The table below is the real interest rates in 1961 and 2015 for the various countries of the world. This data is made available thanks to IMF, International Financial Statistics and World Bank.

Investors make investment decisions based on interest rates. Countries estimate interest rates in the coming years. Interest rates can be nominal and real. The difference between the two being inflation.

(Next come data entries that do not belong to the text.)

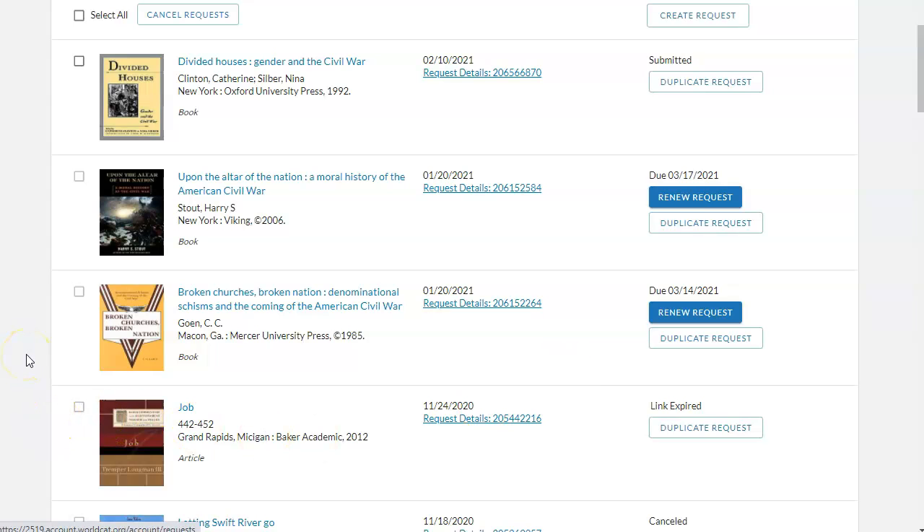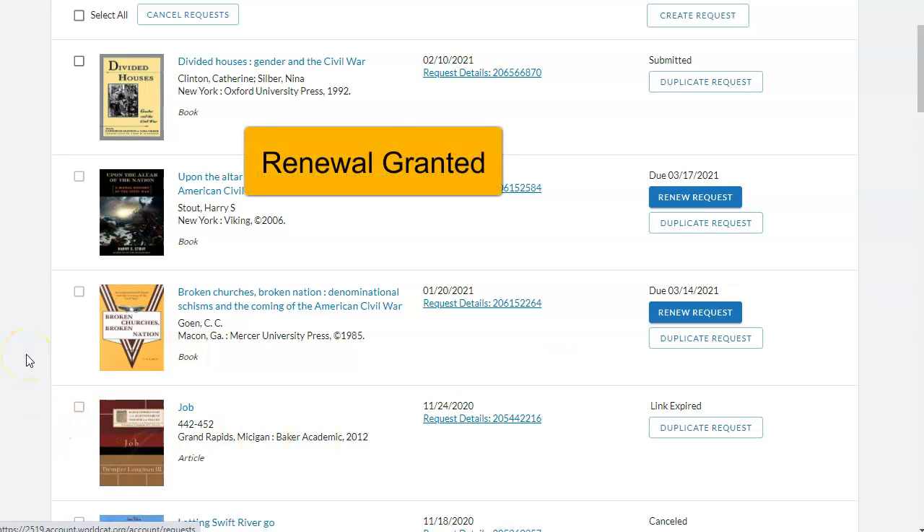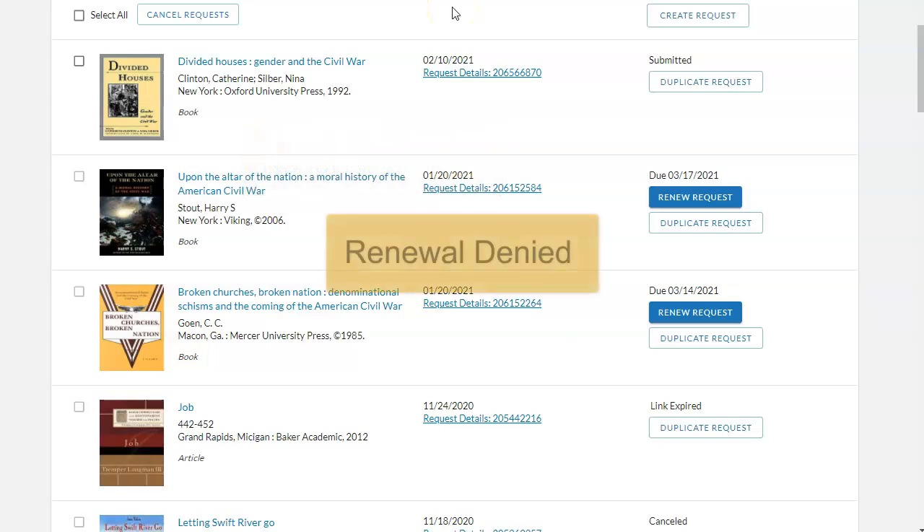A renewal granted notification with a new due date will be displayed in your My Account. Please return the material on or before the new due date. You may also get a renewal denied — please return the item on or before the original due date.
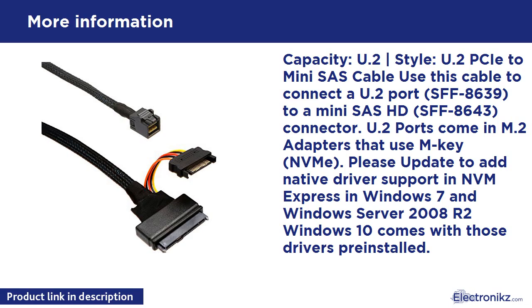Please update to add native driver support for NVMe Express in Windows 7, Windows Server 2008, and Windows Server 2008 R2. Windows 10 comes with those drivers pre-installed.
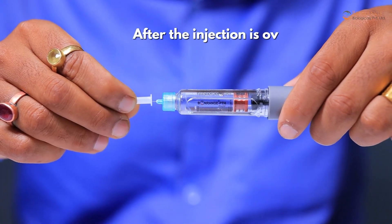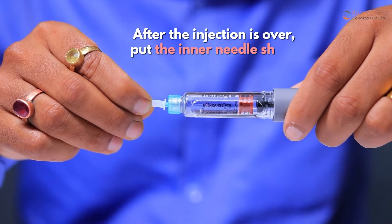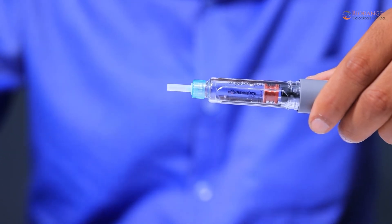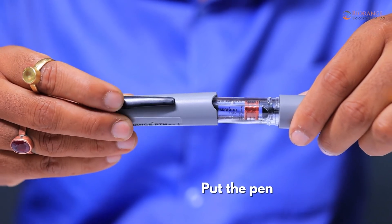After the injection is over, put the inner needle shield back on the needle, then put the pen cap back on.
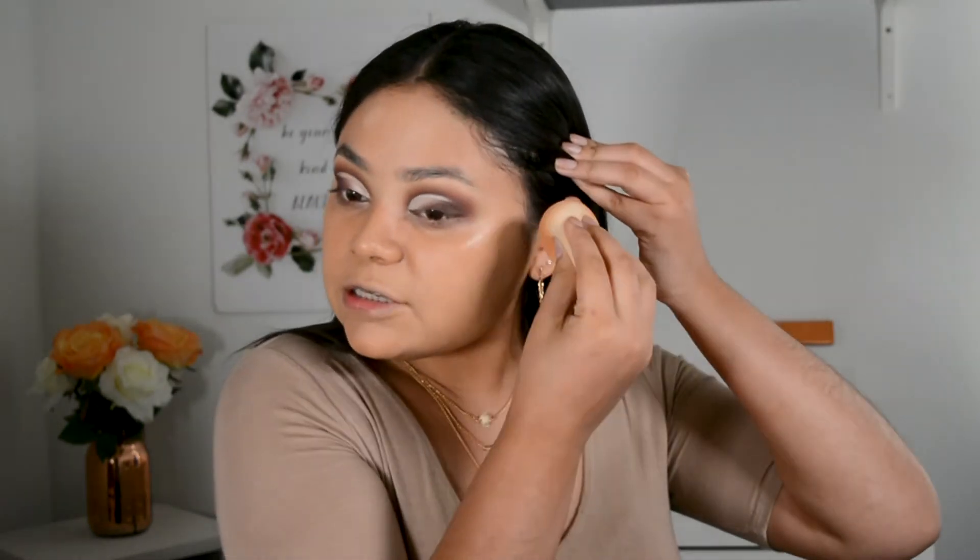I don't know if BH Cosmetics has primers, but either way I don't really use primers. So I'm gonna go right into the BH Cosmetics liquid foundation shade 217 Sand. I'm pretty sure this is too dark for me. I forgot to wet my beauty blender so I'll be right back. It feels really thick and I know it's gonna be too dark for me. I think I'm gonna use some of the concealer mixed in. So let's just see how it goes.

The nominal interest rate is the rate we see on loan products such as credit cards (credit card interest rates also include risk premium). The nominal rate is adjusted for inflation and the resulting interest rate is called **real interest rate**. Irving Fischer in his theory of interest defines real interest as:

**Real interest rate = Nominal Interest Rate – Inflation**

Real interest rates help measure the percentage return from an investment. Real interest rates inform investors about the economic climate of the country. High real interest rates are indicative of a stringent monetary policy and low real interest rates are indicative of a more accommodating monetary policy. If we look at the numbers on the chart the real interest rates in 2015 are either low or negative in order to enable a full economic recovery.

If real interest rates are high, investments move into saving and away from consumption. The converse is true when real interest rates are low.

Let us take a bond worth $100 with a one-year tenure and a interest rate of 5%. At the end of one- year you should get back $105. This is the return without accounting for inflation.

If we factor in inflation at say 2%, then the real rate of would be 3% and not 5%.